= Work request =
Repeat every entry word for word, but leave the images out of your copy.

Captioned web images

● ● ● ● ●

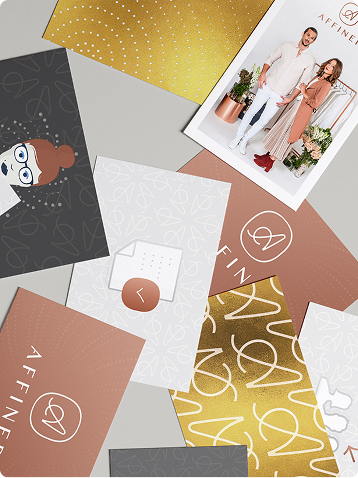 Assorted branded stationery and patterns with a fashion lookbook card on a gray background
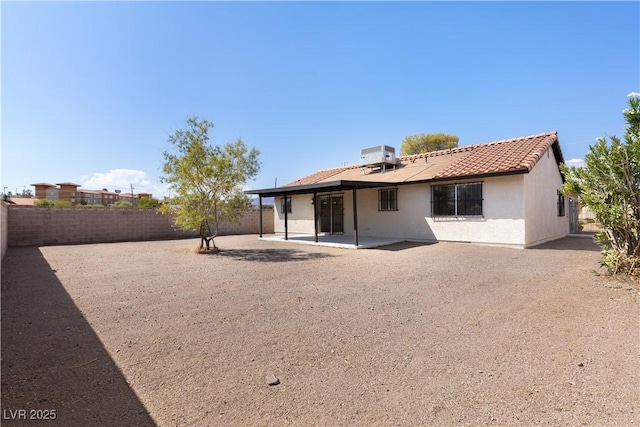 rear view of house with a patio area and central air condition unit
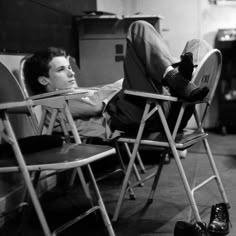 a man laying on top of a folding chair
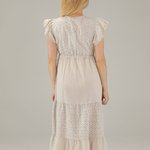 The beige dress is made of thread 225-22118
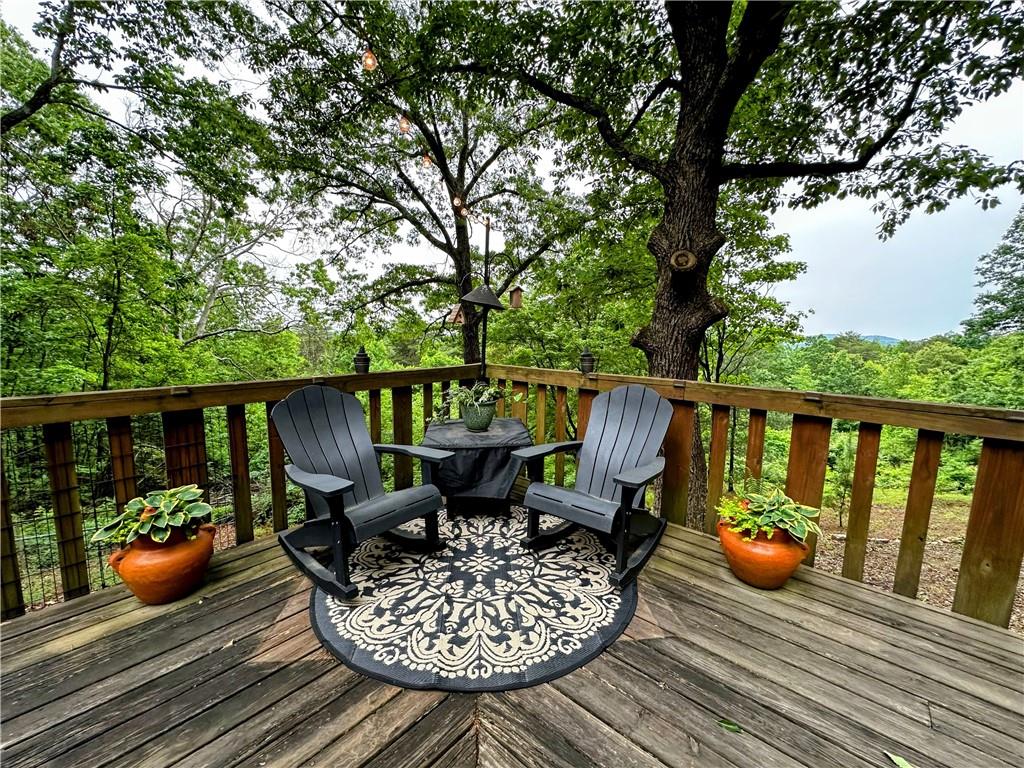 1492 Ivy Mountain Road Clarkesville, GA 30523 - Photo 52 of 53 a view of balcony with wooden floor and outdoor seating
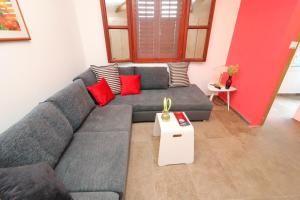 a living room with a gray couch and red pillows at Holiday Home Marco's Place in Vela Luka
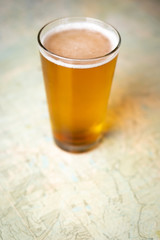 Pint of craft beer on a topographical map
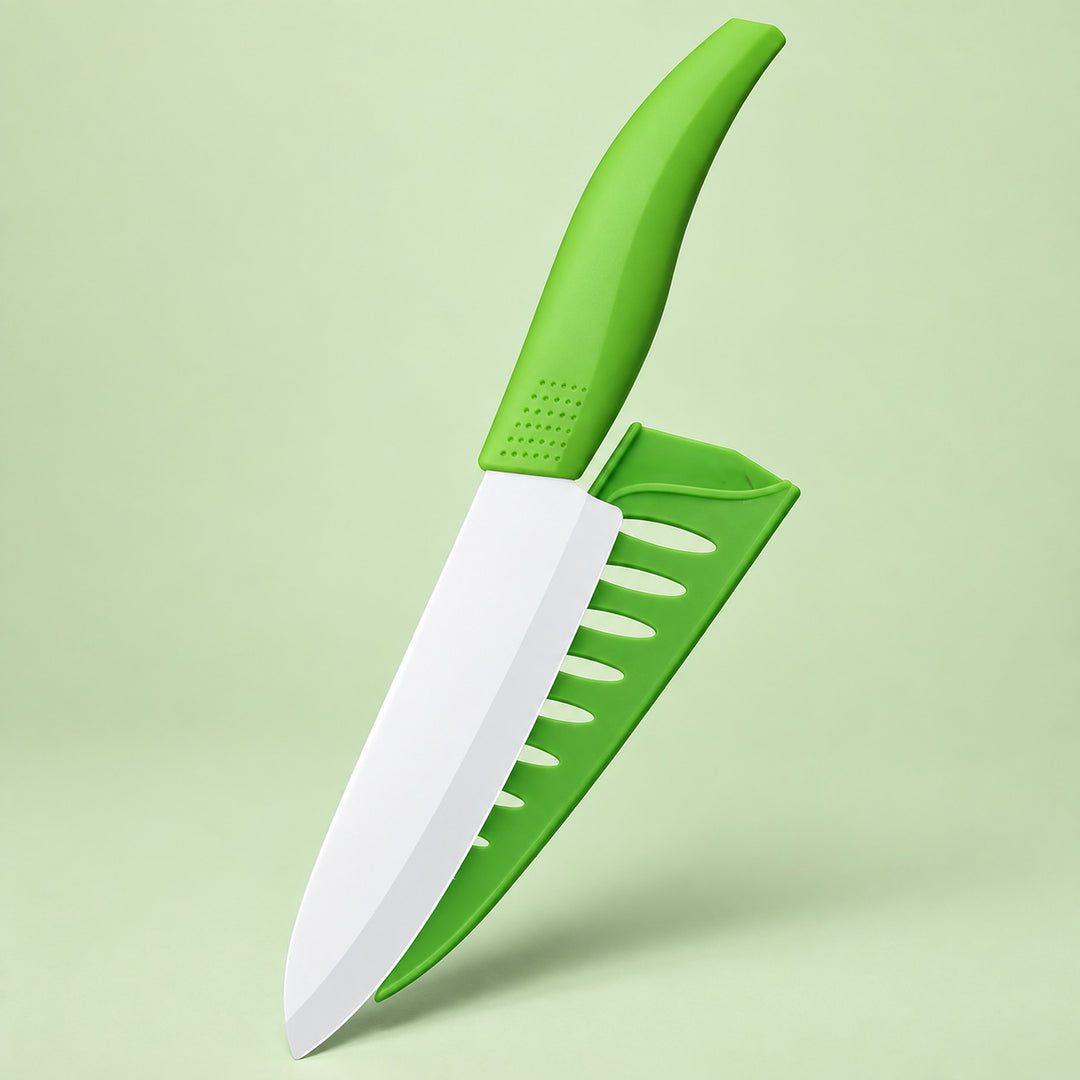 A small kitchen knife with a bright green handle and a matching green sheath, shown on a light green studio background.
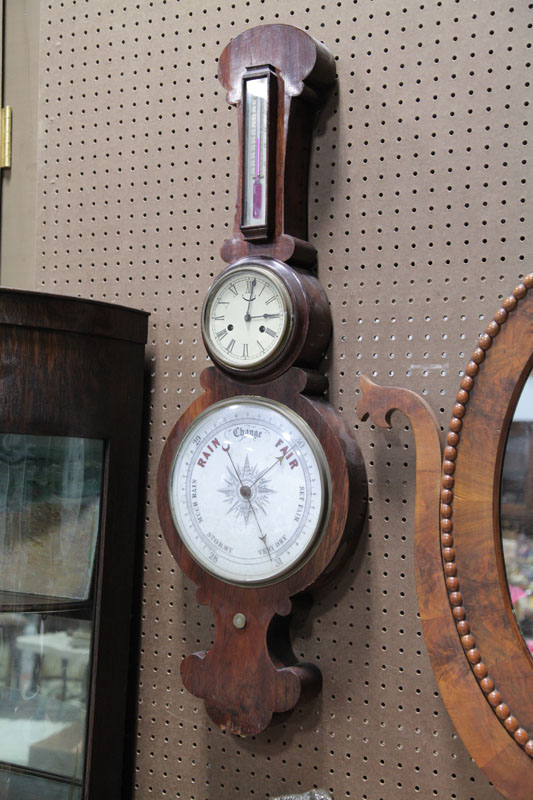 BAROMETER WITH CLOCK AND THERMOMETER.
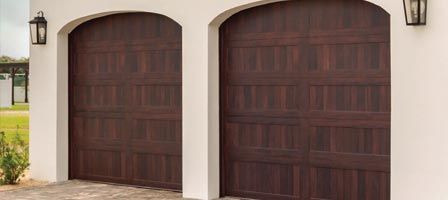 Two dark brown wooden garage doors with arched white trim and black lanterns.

● ● ● ● ●

= Your solution =
 Assorted branded stationery and patterns with a fashion lookbook card on a gray background
 rear view of house with a patio area and central air condition unit
 a man laying on top of a folding chair
 The beige dress is made of thread 225-22118
 1492 Ivy Mountain Road Clarkesville, GA 30523 - Photo 52 of 53 a view of balcony with wooden floor and outdoor seating
 a living room with a gray couch and red pillows at Holiday Home Marco's Place in Vela Luka
 Pint of craft beer on a topographical map
 A small kitchen knife with a bright green handle and a matching green sheath, shown on a light green studio background.
 BAROMETER WITH CLOCK AND THERMOMETER.
 Two dark brown wooden garage doors with arched white trim and black lanterns.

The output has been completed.